We need to code `value` so both `a` and `value` have ownership of the inner `5` rather than transferring ownership from `value` to `a` or having `a` borrow form value.

Then we wrap `a` in a `Rc<T>` so when we create the lists `b` and `c` then can both refer to `a`. (This is the same as the before example)

After we create `a`, `b`, and `c`, we want to add 10 to the value in `value.

We can do this by calling `borrow_mut` on `value`, which uses the automatic dereferencing feature that was discussed previously.

We use this to dereference the `Rc<T>` to the inner `RefCell<T>` value.

The `borrow_mut` method returns a `RefMut` smart pointer and we use the dereference operator on it and change the inner value.

Finally we print `a`, `b`, and `c` so that we can see that they all have the modified value of 15 rather than 5.
```
$ cargo run
   Compiling cons-list v0.1.0 (file:///projects/cons-list)
    Finished `dev` profile [unoptimized + debuginfo] target(s) in 0.63s
     Running `target/debug/cons-list`
a after = Cons(RefCell { value: 15 }, Nil)
b after = Cons(RefCell { value: 3 }, Cons(RefCell { value: 15 }, Nil))
c after = Cons(RefCell { value: 4 }, Cons(RefCell { value: 15 }, Nil))
```
This is very neat and a very useful technique.

By using `RefCell<T>` we have an outwardly immutable `List` value.

We can then use the methods on `RefCell<T>` that provide access to its interior mutability so we can modify our data when we need to.
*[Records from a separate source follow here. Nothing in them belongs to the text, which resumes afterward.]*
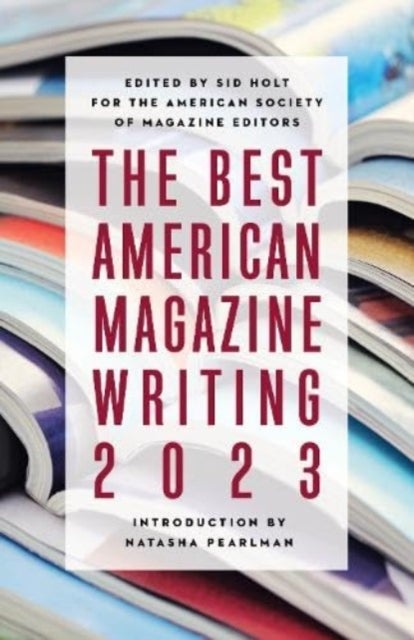 Bilde av The Best American Magazine Writing 2023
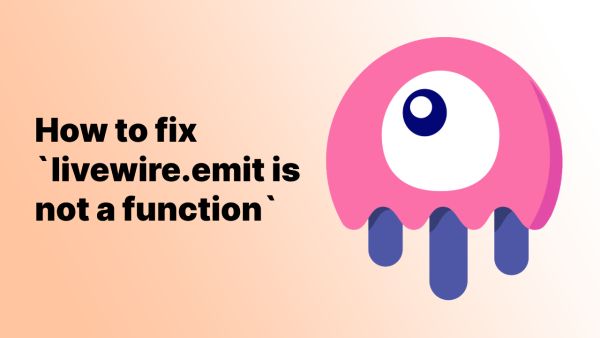 How to fix `livewire.emit is not a function`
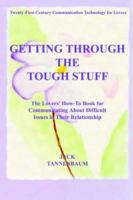 Getting Through the Tough Stuff: The Lovers' How to Book for Communicating about Difficult Issues in Their Relationship 1418421359 Book Cover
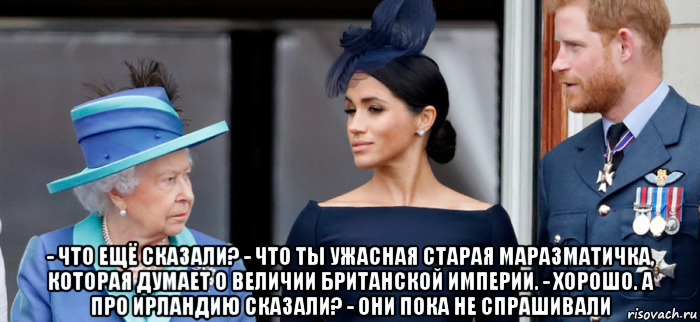  - что ещё сказали? - что ты ужасная старая маразматичка, которая думает о величии британской империи. - хорошо. а про ирландию сказали? - они пока не спрашивали, Мем British Empire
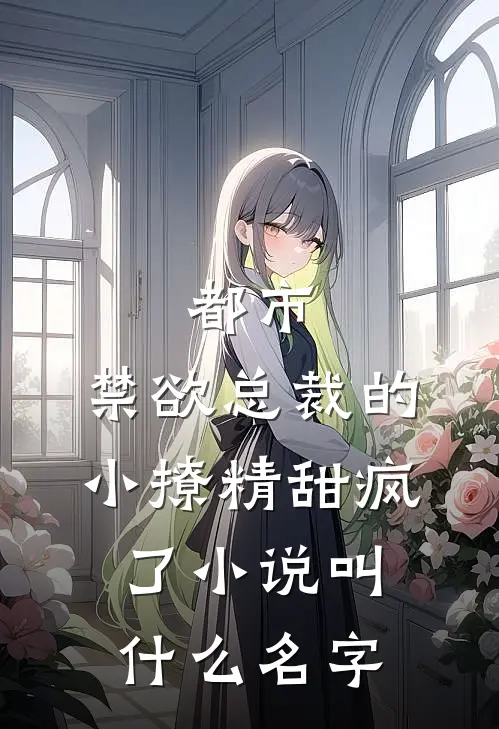 都市：禁欲总裁的小撩精甜疯了小说叫什么名字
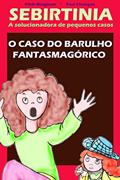 Ler Sebirtinia a solucionadora de pequenos casos: o caso do barulho fantasmagórico, do autor Fileh Mingnom
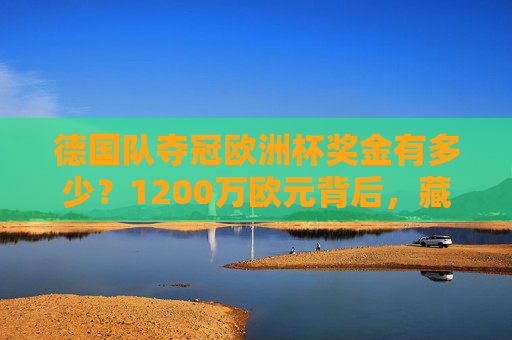 德国队夺冠欧洲杯奖金有多少?1200万欧元背后,藏着怎样的分配逻辑?德国队欧洲杯1200万欧元奖金背后的分配逻辑 德国队夺冠欧洲杯奖金有多少?1200万欧元背后,藏着怎样的分配逻辑?德国队欧洲杯1200万欧元奖金背后的分配逻辑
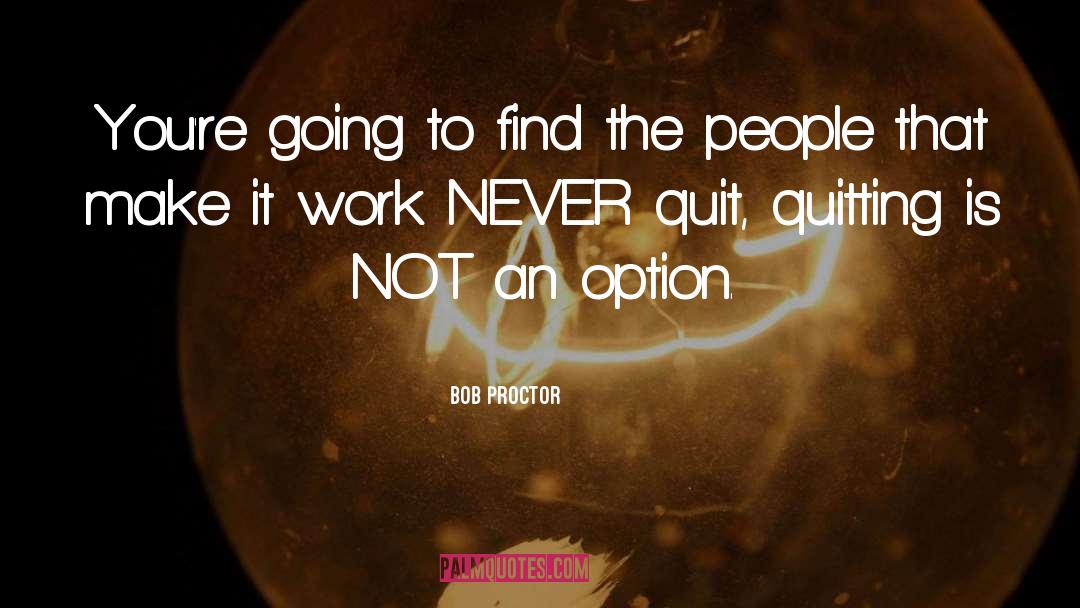 Never Quit quotes by Bob Proctor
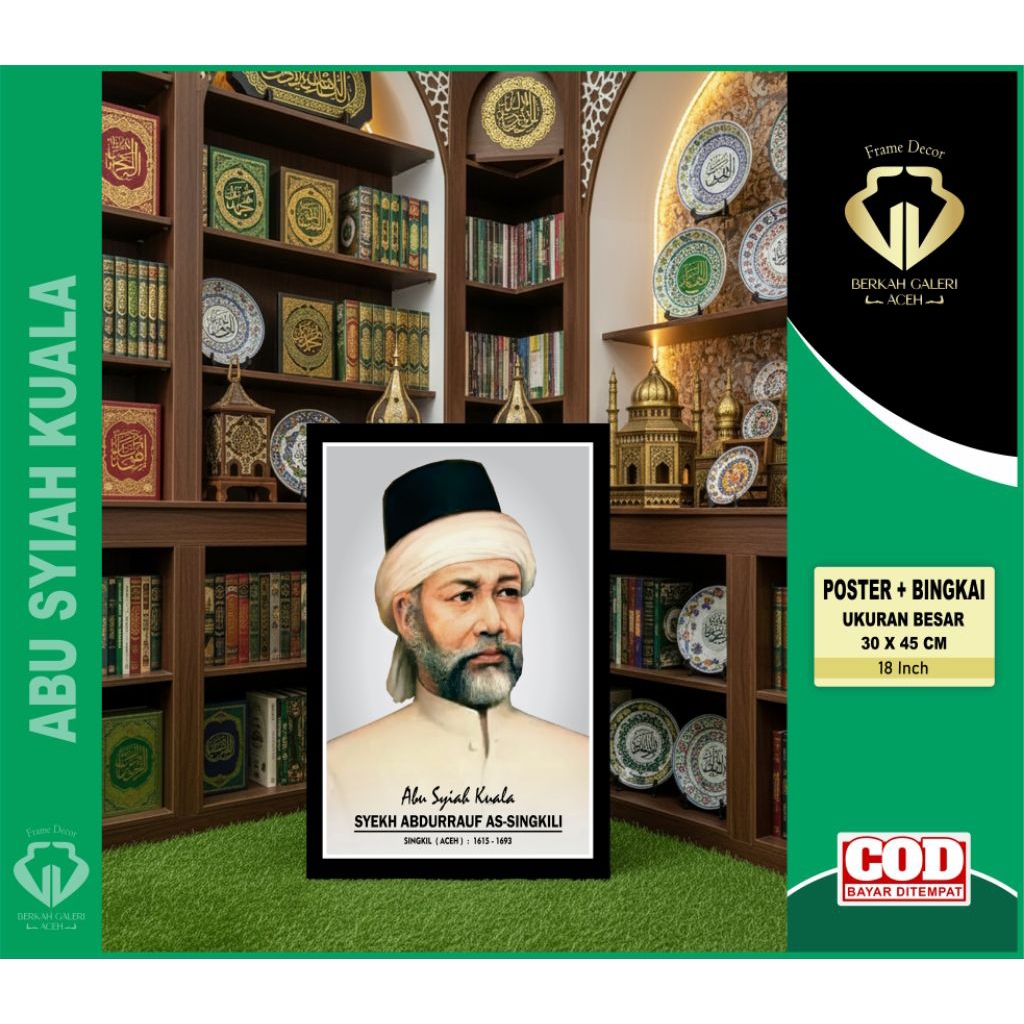 POSTER ULAMA ACEH / FOTO SYEKH ABDURRAUF (ABU SYIAH KUALA)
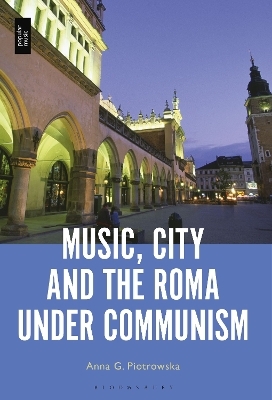 Music, City and the Roma under Communism - Professor or Dr. Anna G. Piotrowska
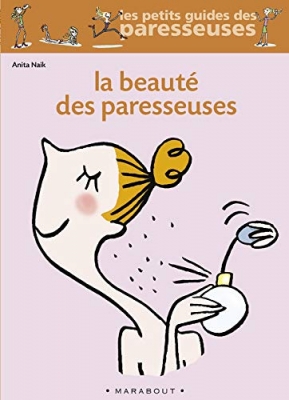 La Beauté des paresseuses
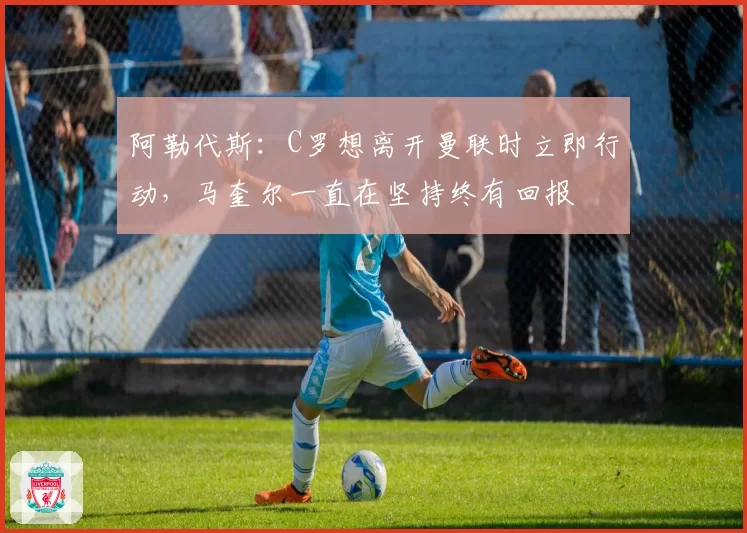 阿勒代斯：C罗想离开曼联时立即行动，马奎尔一直在坚持终有回报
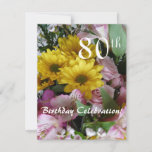 80th Birthday Celebration!-Party/Floral Bouquet Invitation<br><div class="desc">These lovely sunflowers in the foreground and the other pink flowers peeking out around and behind them, are the perfect backdrop for this special birthday invitation for someone's 80th birthday. Of course the text is completely customisable (to whatever age you want), and you can fill the back of invitation with...</div>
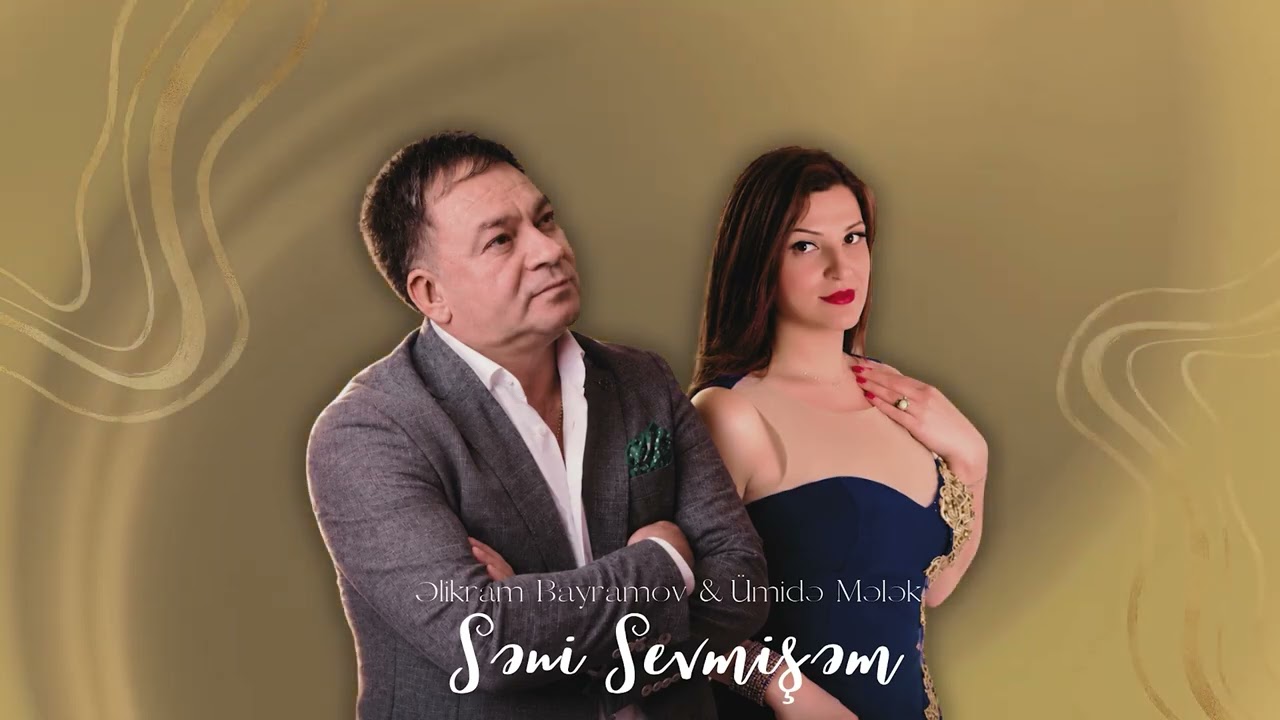Əlikram Bayramov & Ümidə Mələk - Səni Sevmişəm 2026 Mp3 Yüklə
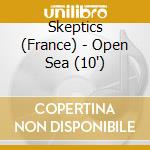 Skeptics (France) - Open Sea (10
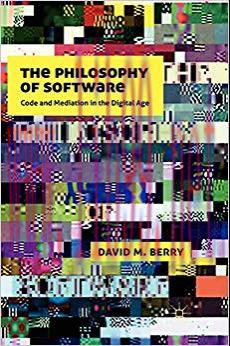 The Philosophy of Software: Code and Mediation in the Digital Age 2011 Edition,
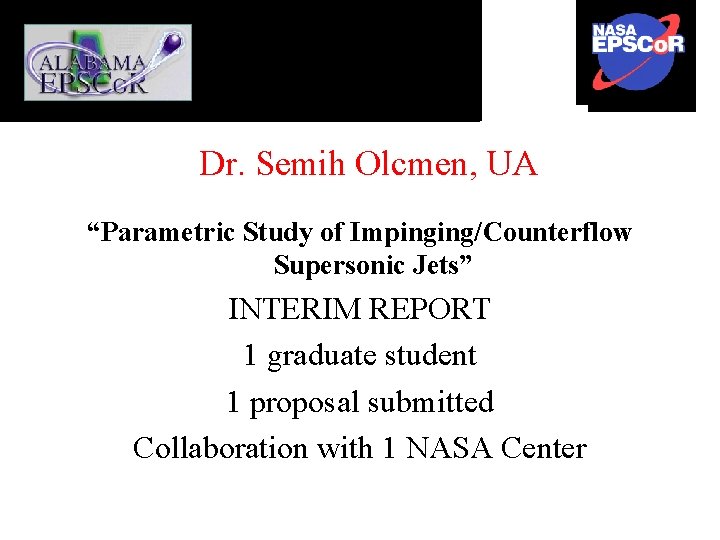 Dr. Semih Olcmen, UA “Parametric Study of Impinging/Counterflow Supersonic Jets” INTERIM REPORT 1 graduate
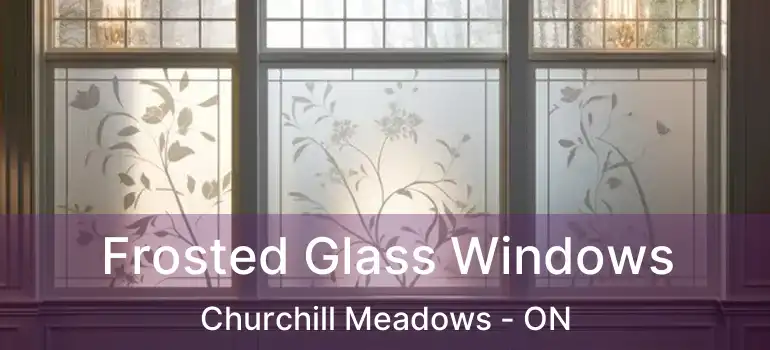  Frosted Glass Windows Churchill Meadows - ON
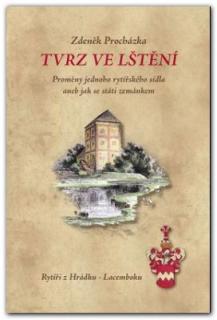 Tvrz ve Lštění. Proměny jednoho rytířského sídla aneb jak se státi zemánkem (Zdeněk Procházka)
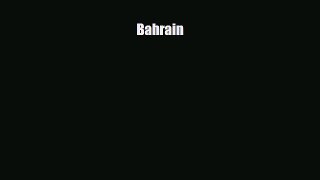 Read ‪Bahrain Ebook Free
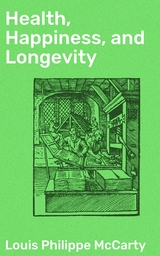 Health, Happiness, and Longevity - Louis Philippe McCarty
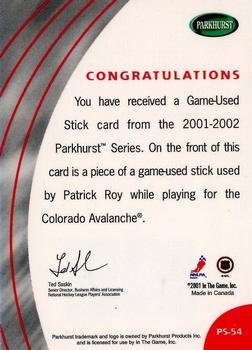 2001-02 Parkhurst - Sticks #PS-54 Patrick Roy Back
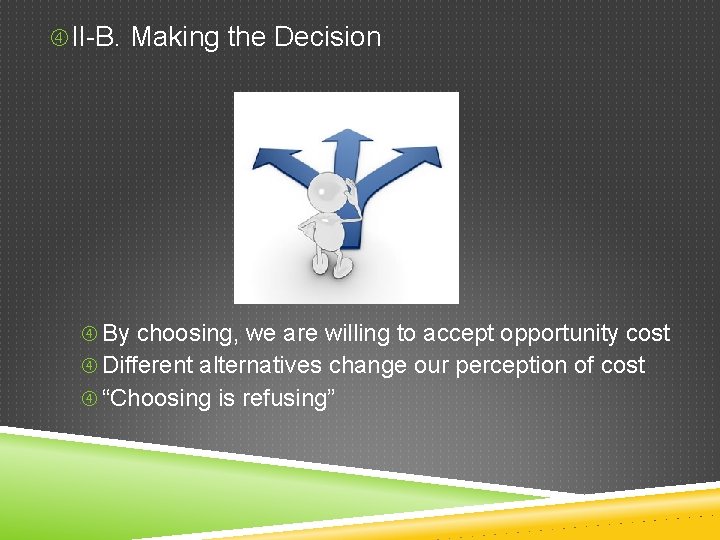 II-B. Making the Decision By choosing, we are willing to accept opportunity cost II-B. Making the Decision By choosing, we are willing to accept opportunity cost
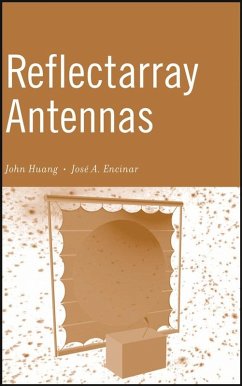 Reflectarray Antennas (eBook, PDF) - Huang, John; Encinar, Jose Antonio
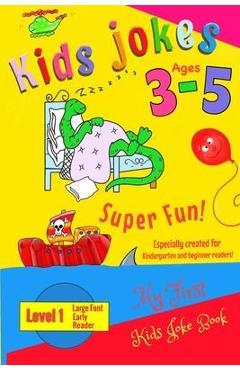 Kids Jokes age 3-5: A level 1 book especially created for kindergarten and beginner readers, preschool. - Emma Twintel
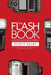 The Flash Book: How to fall hopelessly in love with your flash, and finally start taking the type of images you bought it for in the first place - Paperback | Diverse Reads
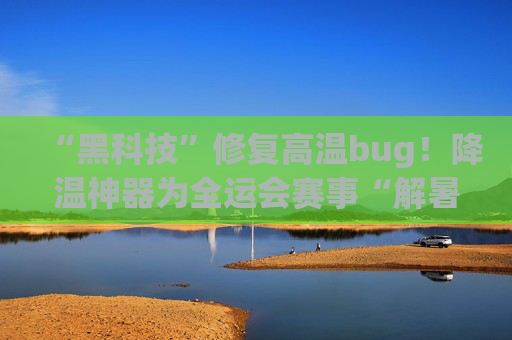 “黑科技”修复高温bug！降温神器为全运会赛事“解暑减碳”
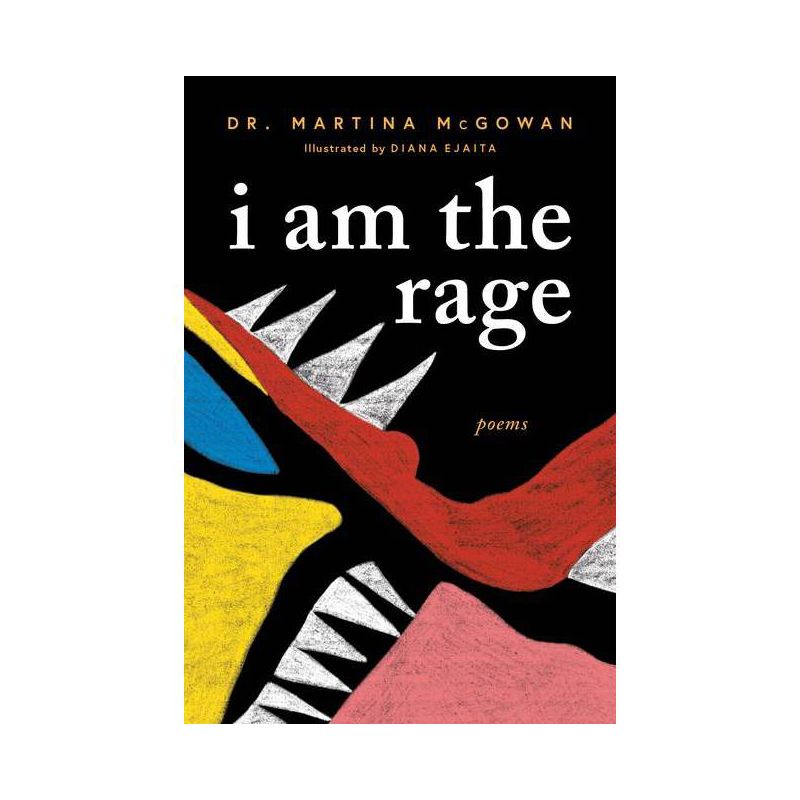 I Am The Rage - By Martina Mcgowan ( Paperback ), 1 of 2
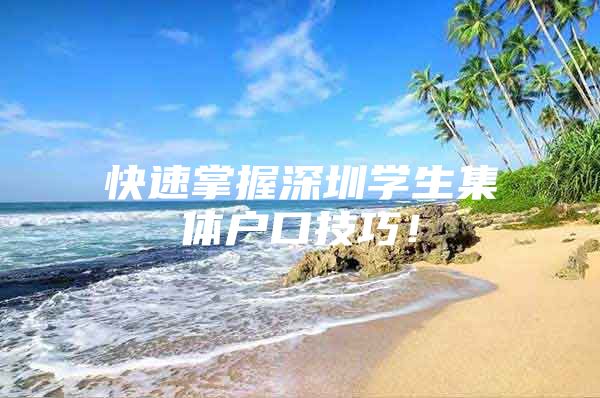 快速掌握深圳学生集体户口技巧！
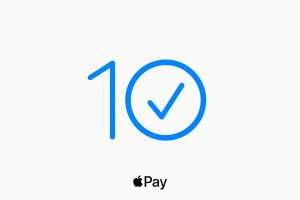 Apple Pay Turns 10, Reshaping the Future of Finance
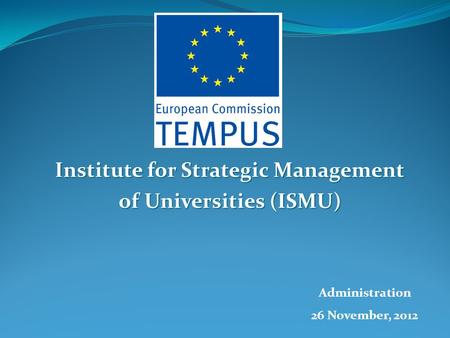 Institute for Strategic Management of Universities (ISMU) Administration 26 November, 2012.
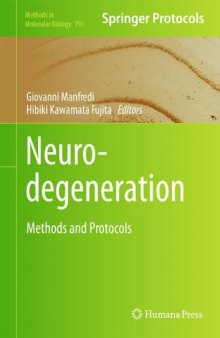 Neurodegeneration: Methods and Protocols (Methods in Molecular Biology, v793)  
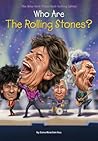 Who Are the Rolling Stones? by Dana Meachen Rau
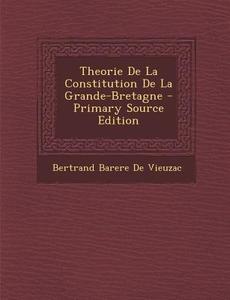 Theorie de La Constitution de La Grande-Bretagne di Bertrand Barere De Vieuzac edito da Nabu Press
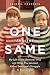 One and the Same: My Life as an Identical Twin and What I've Learned About Everyone's...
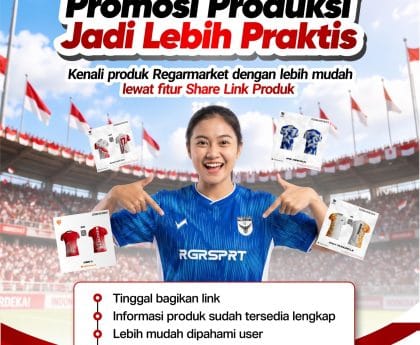 Promosi Produk Kini Lebih Praktis! Kenalkan Produk RegarMarket Lewat Fitur Share Link Produk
The runtime checks of the borrowing rules ensure the protection form data races and it is sometimes worth trading a bit of speed for this level of flexibility in our data structures.

Again Note that `RefCell<T>` does **NOT** work for multithreaded code.

`Mutex<T>` is the tread-safe version of `RefCell<T>`, this will be discussed in the next chapter.